Whatever pictures appear, omit them, and repeat the data below exactly.
*** Opening of DATA SHOWN ***
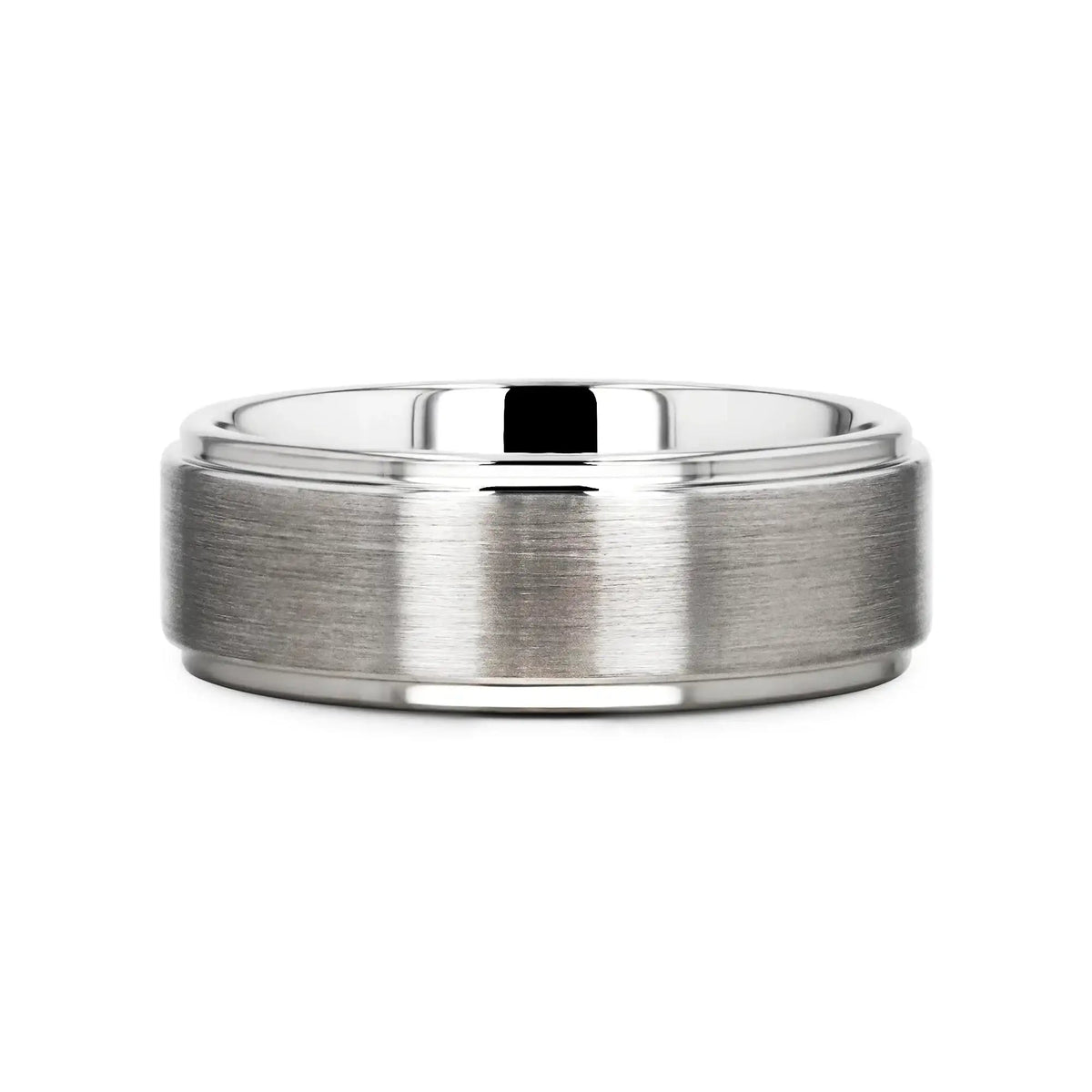 ORLOFF White Tungsten Ring with Raised Brush Finished Center - 6mm & 8mm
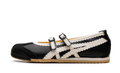 Onitsuka Tiger Black Mary Jane Shoes with Cream Scalloped Stripes and Double Buckles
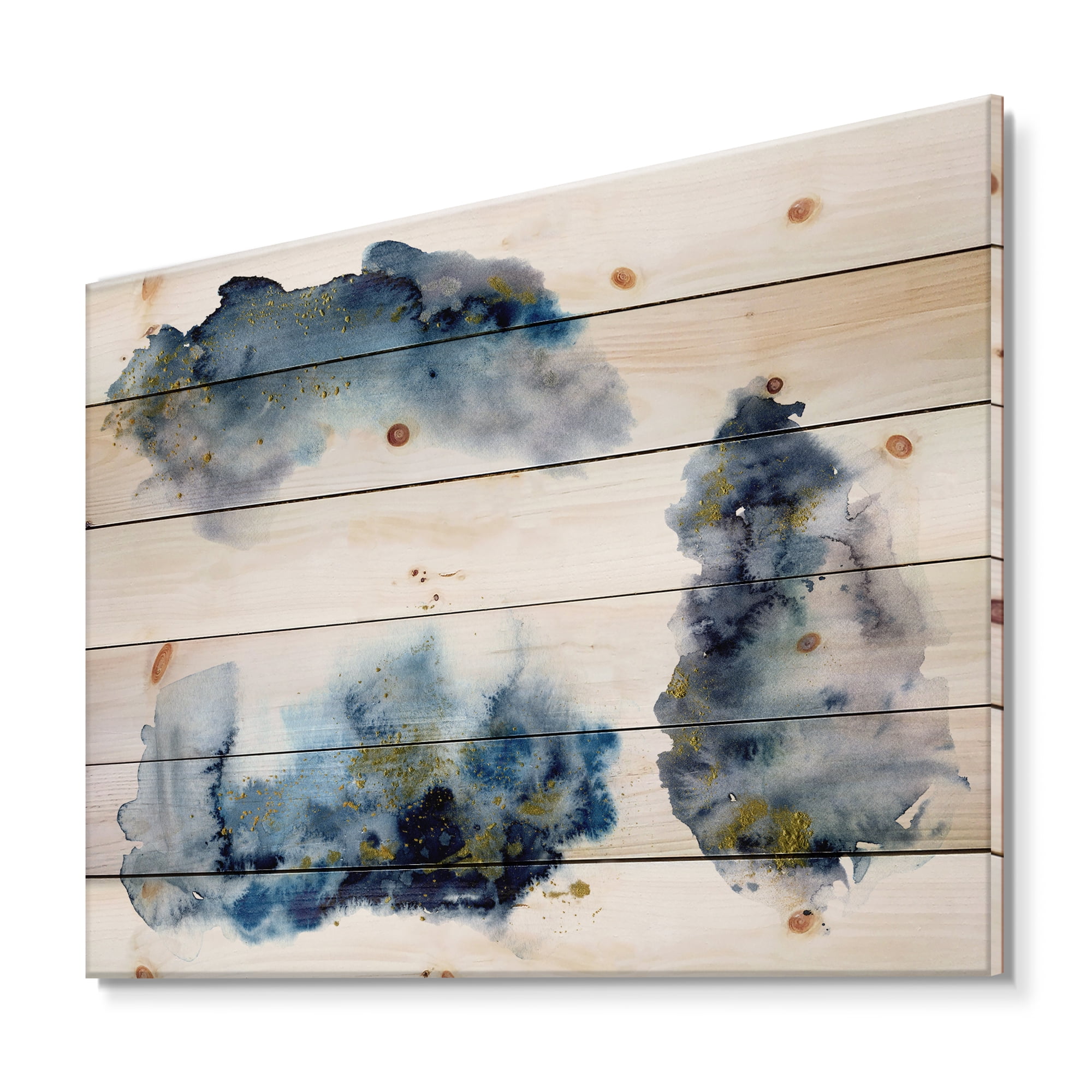 Designart 'Gray and Blue Clouds With Golden Glitter' Modern Print on Natural Pine Wood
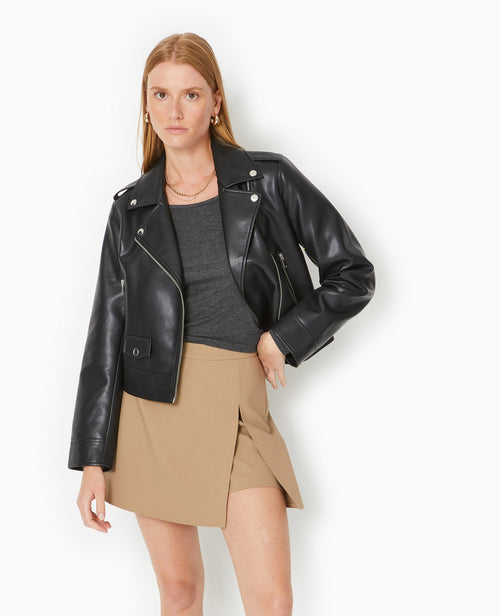 Blouson biker court en simili cuir - PIMKIE - 5
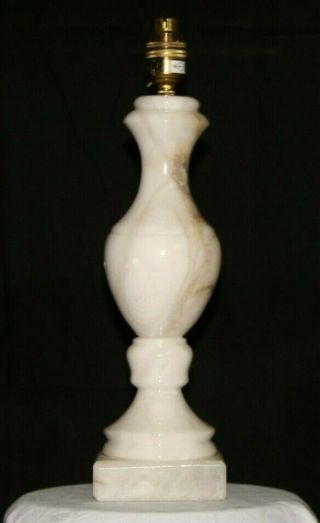 Substantial White Marble/ Onyx Lamp Base (37cm High)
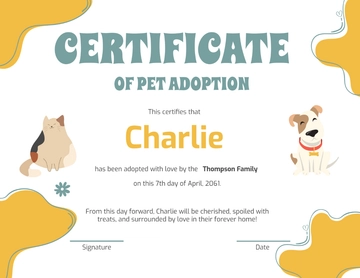 Creative Pet Adoption Certificate Template - Edit Online & Download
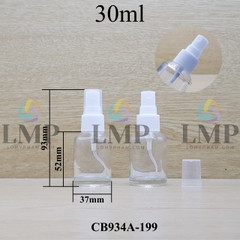 Chai thủy tinh vát đầu phun sương sọc 30ml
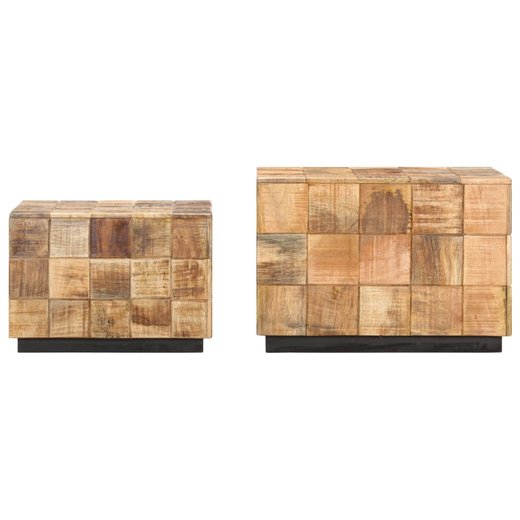 Couchtische 2 Stk. in Block-Design Raues Mango-Massivholz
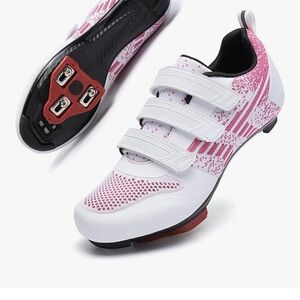 Women's Cycling Shoes - White and Pink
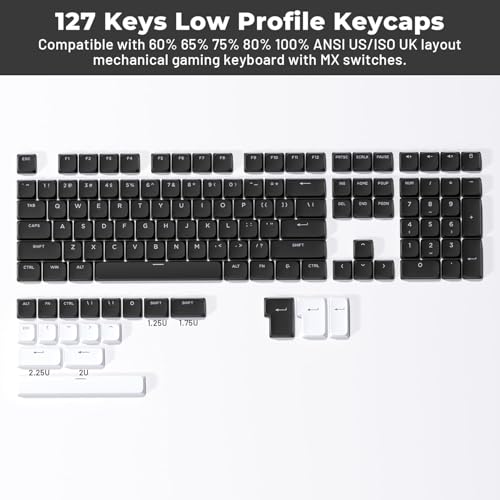 ロープロファイル キーキャップ、XVX 127 PBT キーキャップ フルセット、光抜け設計、 US 配列 MX 軸メカニカルキーボード対応 - (ブラック)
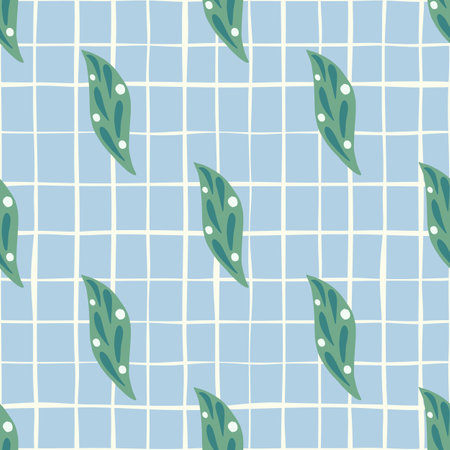 Turquoise simple leaf elements seamless pattern. Geometric foliage artwork with blue checkered background. Decorative backdrop for fabric design, textile print, wrapping, cover. Vector illustration.のイラスト素材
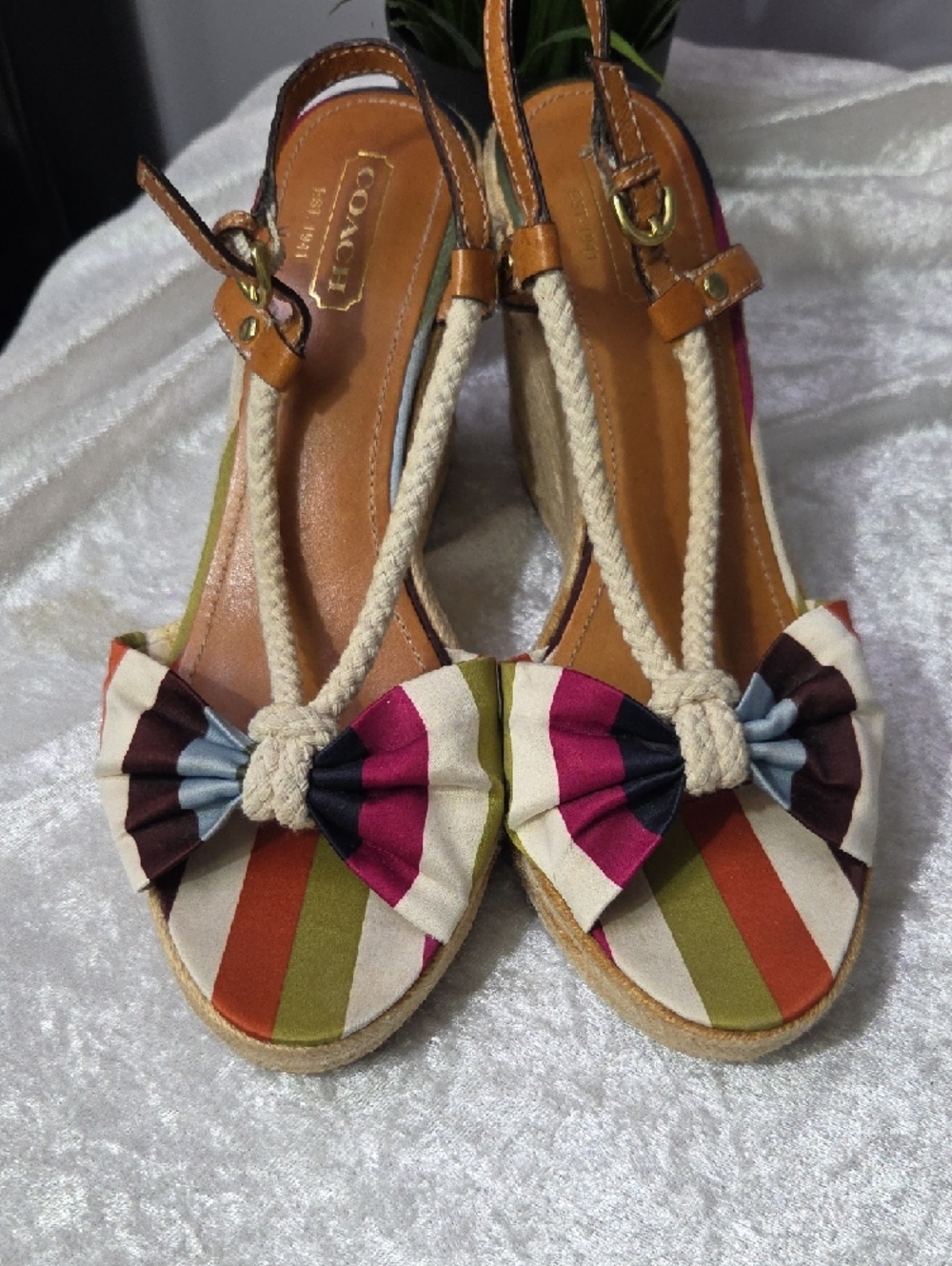 Vintage Coach Y2K Legacy Catolina Satin Stripe Espadrilles - Picture 2 of 11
*** Close of DATA SHOWN ***
▶ **RESPONSE**
 ORLOFF White Tungsten Ring with Raised Brush Finished Center - 6mm & 8mm
 Onitsuka Tiger Black Mary Jane Shoes with Cream Scalloped Stripes and Double Buckles
 Designart 'Gray and Blue Clouds With Golden Glitter' Modern Print on Natural Pine Wood
 Blouson biker court en simili cuir - PIMKIE - 5
 Substantial White Marble/ Onyx Lamp Base (37cm High)
 Creative Pet Adoption Certificate Template - Edit Online & Download
 Chai thủy tinh vát đầu phun sương sọc 30ml
 Couchtische 2 Stk. in Block-Design Raues Mango-Massivholz
 Women's Cycling Shoes - White and Pink
 ロープロファイル キーキャップ、XVX 127 PBT キーキャップ フルセット、光抜け設計、 US 配列 MX 軸メカニカルキーボード対応 - (ブラック)
 Turquoise simple leaf elements seamless pattern. Geometric foliage artwork with blue checkered background. Decorative backdrop for fabric design, textile print, wrapping, cover. Vector illustration.のイラスト素材
 Vintage Coach Y2K Legacy Catolina Satin Stripe Espadrilles - Picture 2 of 11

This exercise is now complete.